How much a typical consumer pays to borrow small amounts of money—and whether that person is likely to be able to afford to repay that loan within the designated time—differs widely across states. This variation is largely the result of whether state regulations limit the costs of small loans and require that loans be repayable over time in affordable installments.
To better understand how effectively each state protects payday loan consumers, The Pew Charitable Trusts conducted an analysis of the payday lending marketplace and regulatory regimes in all 50 states and Washington, D.C. The findings, captured in this interactive table, show the level of consumer safeguards in place, the most common payday loan product type, average annual percentage rate charged, and average cost to borrow $500 for four months.

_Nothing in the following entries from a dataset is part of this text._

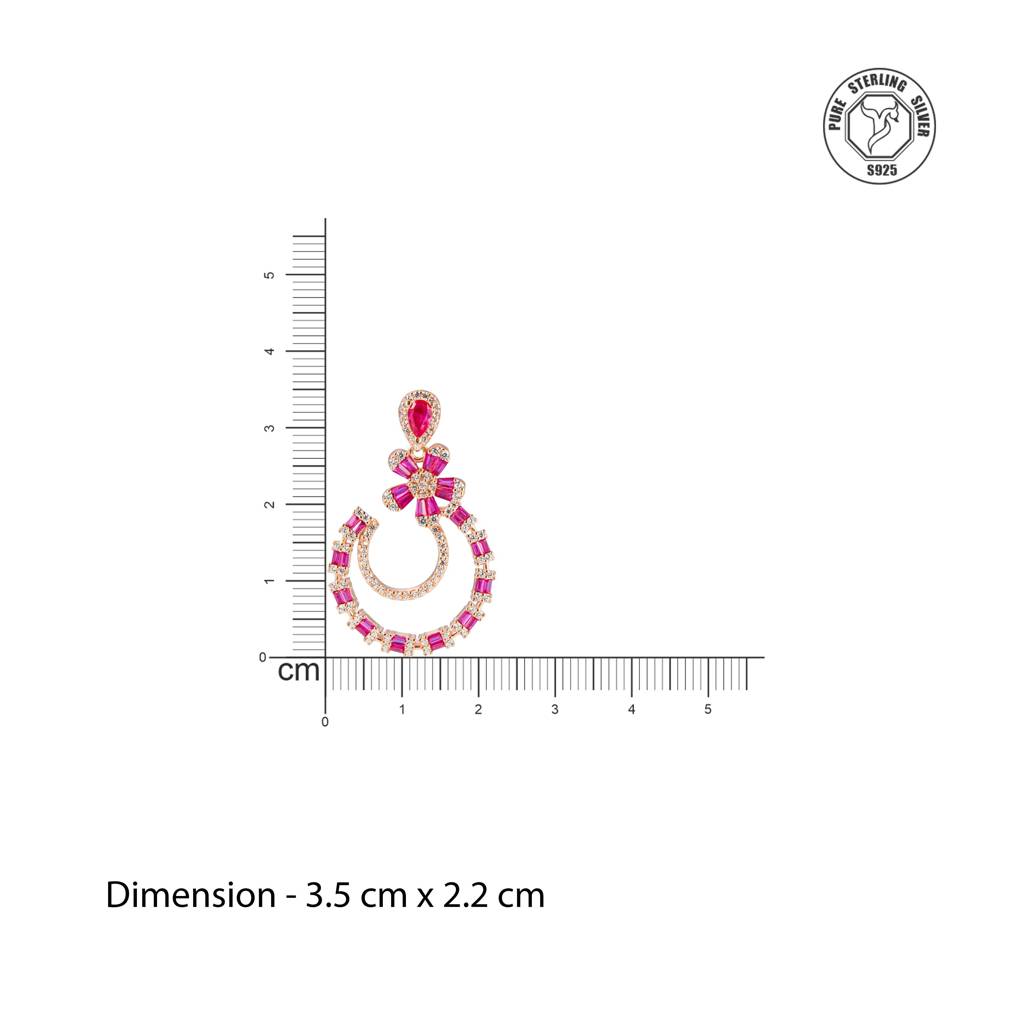 Gulabi Glam Hoops : TREBJX0020Rose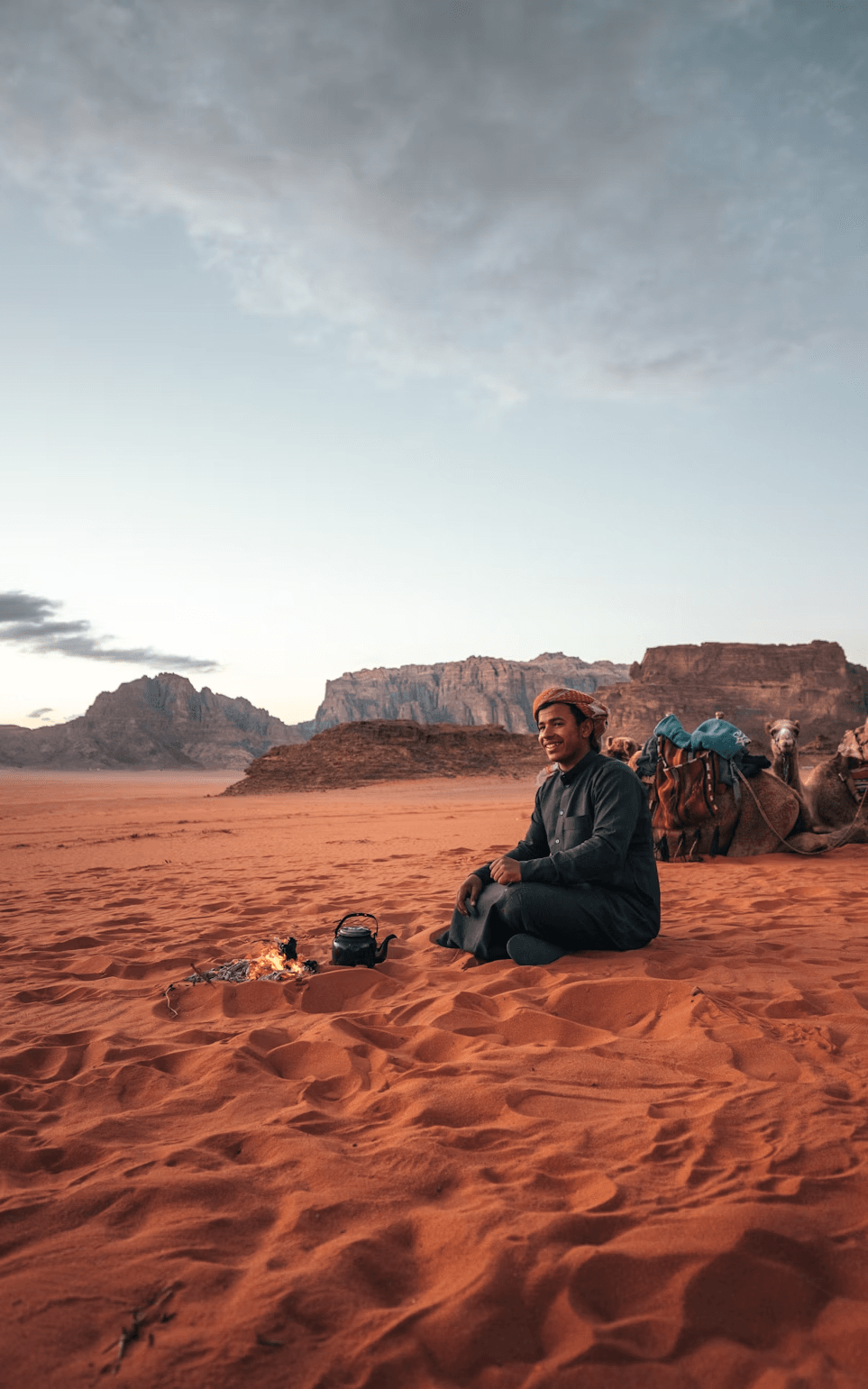 Bedouin guide in Wadi Rum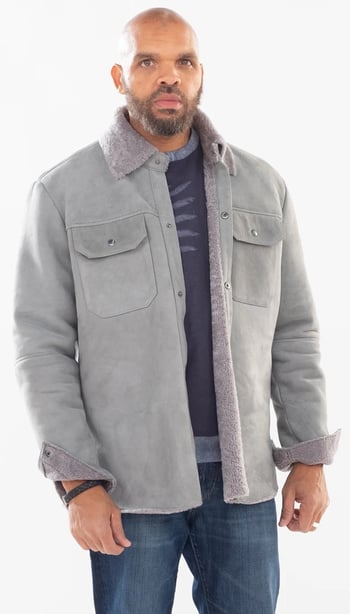 G-Gator Grey Genuine Sheepskin Shirt 715.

The research organized states into four groups based on their payday lending laws: few safeguards, some safeguards, reformed, and restrictive. States with few safeguards have lending without meaningful protections to ensure affordable payments; APRs above 250%; and single-payment loans. Those states with some safeguards require lower-than-average prices and provide limited protections against high costs or borrowing repeatedly because payments are unaffordable. Reformed states have enacted comprehensive legislation, which lowers the cost of payday loans, requires that loans be repayable in affordable installments, and preserves consumers’ access to credit.
The 18 states and Washington, D.C., that fall into the restrictive category have strong laws that prohibit payday loans or set low interest rate limits. Payday lenders do not operate in these jurisdictions. The states are Arizona, Arkansas, Connecticut, Georgia, Illinois, Maryland, Massachusetts, Montana, Nebraska, New Hampshire, New Jersey, New Mexico, New York, North Carolina, Pennsylvania, South Dakota, Vermont, and West Virginia. They and Washington, D.C., are omitted from this interactive table.
Pew also published an issue brief providing further detail on payday loan costs and regulations in the 32 states where payday lenders operate.
The primary data sources include state regulatory reports, state laws, and advertised product pricing from the six largest payday loan chains in the U.S. Researchers from Pew reviewed available state regulatory reports on loans issued by payday lenders to determine the most common type of payday loan in each state. For states that have not published relevant data in the past three years, Pew compared advertised product options and pricing information from the six largest payday loan chains in the U.S. and used that information to calculate dollar costs and APRs.
In states that effectively limit loans to less than $500, dollar costs were based on the average maximum loan size offered. And for calculations of single-payment payday loan APRs, Pew researchers used the 14-day term such that the costs to borrow for four months equal eight pay cycles, or 112 days. For payday installment loans, monthly payments were calculated based on a four-month loan term.
Since 2010, four states—Colorado, Hawaii, Ohio, and Virginia—have passed comprehensive payday loan reforms, saving consumers millions of dollars in fees while maintaining broad access to safer small credit.